With regard to the aerodynamic properties of axial flow compressor and turbine stages, it is crucial that a small and as constant as possible radial gap be maintained between the blade tips and the outer flow channel wall. This requires most importantly that the wall structure exhibit sufficient dimensional stability and geometric precision. It is critical that the geometry be altered as little as possible by thermal and mechanical influences. The mostly hot working gas should essentially act only on the interior side of the structure; losses due to leakage through the structure must be minimized. In steady-state operation, it is advantageous when the mostly thermally induced dimensional variation of the wall structure is adapted temporally and in terms of magnitude to that of the bladed rotor. Since mechanical contacting between the blade tips and the wall structure is hardly avoidable under certain applications of force, the interior side of the wall structure should be designed to be deformable, resilient and, accordingly, to have run-in capability, at least on the blade-tip side.

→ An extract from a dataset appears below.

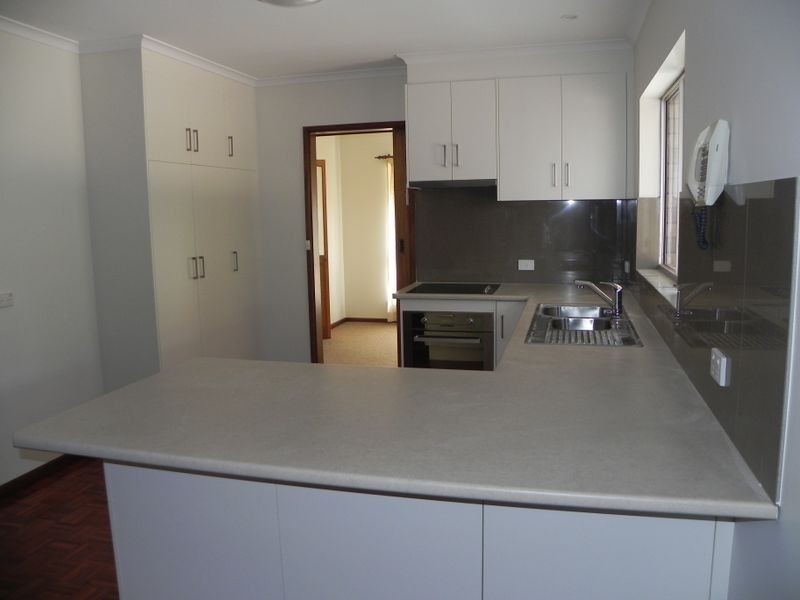 27 Spriggs Street, Berri SA 5343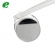 Water Cooler para CPU ACER ARGB 240mm AC240N Branco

The German patent DE 100 20 673 C2 describes a ring structure of metal construction for the rotor blade region of axial flow compressor and turbine stages. The ring structure it discusses has an annular outer wall, which is designed as a closed, mechanically stable housing wall of the compressor or turbine stage. The ring structure it discusses also has an annular inner wall, as well as a connecting structure designed as a hollow-chamber structure, the connecting structure designed as a hollow-chamber structure being positioned in a sandwich-type arrangement between the outer wall and the inner wall. On one side, the connecting structure designed as a hollow-chamber structure is connected to the outer wall and, on the other side, to the inner wall. The annular chamber structure in accordance with German patent DE 100 20 673 C2 has an inner wall, which is interrupted over its circumference by a plurality of axially or primarily axially extending expansion joints. An inner wall segmented in this manner by expansion joints has the disadvantage that flow losses can occur. In addition, the complexity of the ring structure and thus the assembly as well as manufacturing outlay are increased by an inner wall segmented in this manner. Moreover, during operation, chipping off, washout or damage due to erosion can occur at the edges of the expansion joints, further increasing the flow losses.

Against this background, the object of the present invention is to devise a novel type of ring structure of metal construction.

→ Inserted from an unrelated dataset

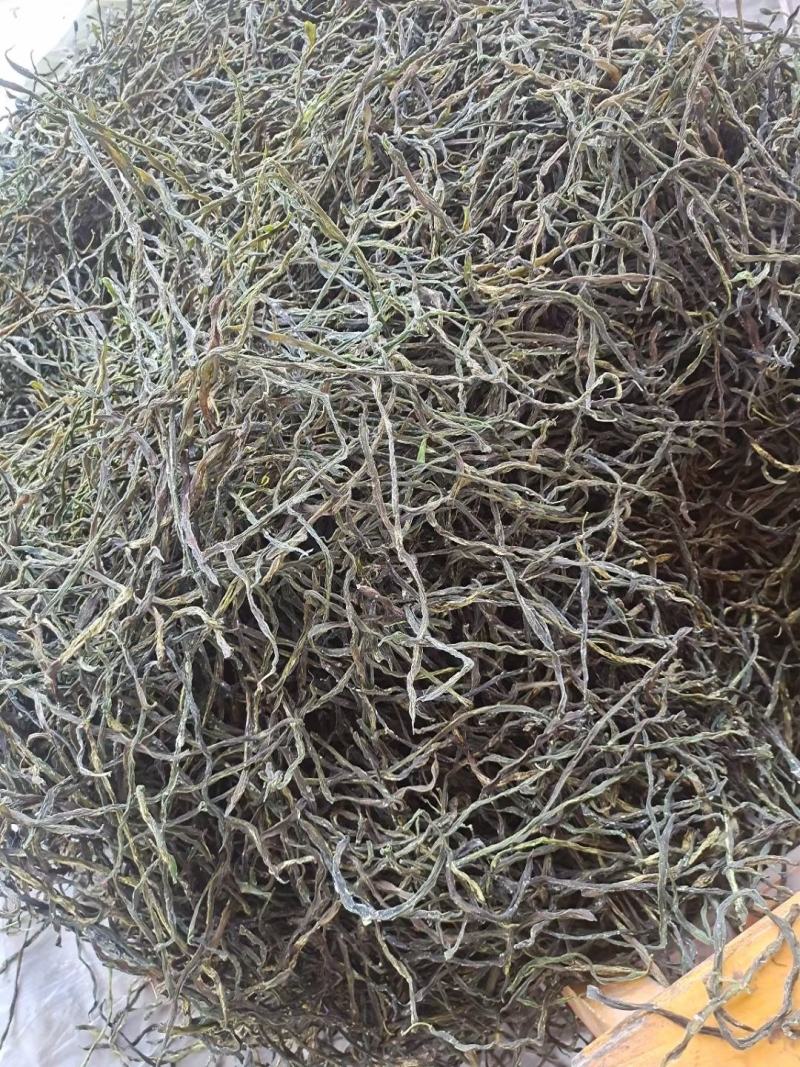 云南干豆角保山干豆角，全国供应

This objective is achieved by a ring structure of metal construction as set forth in claim 1. In accordance with the present invention, the inner wall is designed as a closed, mechanically stable structure that is made of a metal woven fabric and/or of a metal felt and serves as a run-in lining for the blade tips. The metal woven fabric and/or the metal felt is preferably fabricated from a metal alloy that is oxidation-resistant at high temperatures, in particular an iron-, nickel- or cobalt-based alloy.

Along the lines of the present invention, a ring structure of metal construction is provided, whose inner wall has a closed design and is made of a metal woven fabric and/or of a metal felt. The closed structure of the inner wall makes it possible to minimize flow losses. In addition, the ring structure according to the present invention is simpler in design than the segmented design known from the related art. By using a metal woven fabric and/or a metal felt for the closed inner wall, it is possible, on the one hand, to achieve substantial mechanical stability, and, on the other hand, circumferential strain does not lead to the formation of cracks in the inner wall. The metal woven fabric and/or the metal felt is capable, namely, of absorbing thermally produced strains without resulting in the formation of cracks.

Preferred embodiments of the present invention are derived from the dependent claims and from the following description. The present invention is described in greater detail in the following on the basis of exemplary embodiments, without being limited thereto. Reference is made to the drawings, whose:

FIG. 1: shows a ring structure of metal construction according to the present invention in accordance with a first exemplary embodiment of the present invention in a schematic side view;

FIG. 2: shows detail II of the ring structure in accordance with FIG. 1;

FIG. 3: shows a ring structure of metal construction according to the present invention in accordance with a second exemplary embodiment of the present invention in a schematic side view;

FIG. 4: illustrates detail IV of the ring structure in accordance with FIG. 3;

FIG. 5: depicts a ring structure of metal construction according to the present invention in accordance with a third exemplary embodiment of the present invention in a schematic side view, and

FIG. 6: shows detail VI of the ring structure in accordance with FIG. 5.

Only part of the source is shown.